### Work instructions
Given the listing below, write out exactly the lines starting with the line that has "So in the bottom" and going on through the line that has "If you're not", both kept.

### Records for the task
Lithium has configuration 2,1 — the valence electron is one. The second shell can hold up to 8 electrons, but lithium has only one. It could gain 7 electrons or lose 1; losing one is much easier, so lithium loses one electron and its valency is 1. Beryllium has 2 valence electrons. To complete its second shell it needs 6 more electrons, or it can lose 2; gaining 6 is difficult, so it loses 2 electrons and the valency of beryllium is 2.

--

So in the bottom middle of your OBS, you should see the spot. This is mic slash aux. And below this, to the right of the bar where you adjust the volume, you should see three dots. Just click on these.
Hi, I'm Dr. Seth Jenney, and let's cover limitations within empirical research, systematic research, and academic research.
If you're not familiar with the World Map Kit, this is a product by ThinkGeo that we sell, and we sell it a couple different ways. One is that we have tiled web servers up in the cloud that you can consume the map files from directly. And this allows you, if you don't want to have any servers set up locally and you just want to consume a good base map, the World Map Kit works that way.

### Output for this exercise
So in the bottom middle of your OBS, you should see the spot. This is mic slash aux. And below this, to the right of the bar where you adjust the volume, you should see three dots. Just click on these.
Hi, I'm Dr. Seth Jenney, and let's cover limitations within empirical research, systematic research, and academic research.
If you're not familiar with the World Map Kit, this is a product by ThinkGeo that we sell, and we sell it a couple different ways. One is that we have tiled web servers up in the cloud that you can consume the map files from directly. And this allows you, if you don't want to have any servers set up locally and you just want to consume a good base map, the World Map Kit works that way.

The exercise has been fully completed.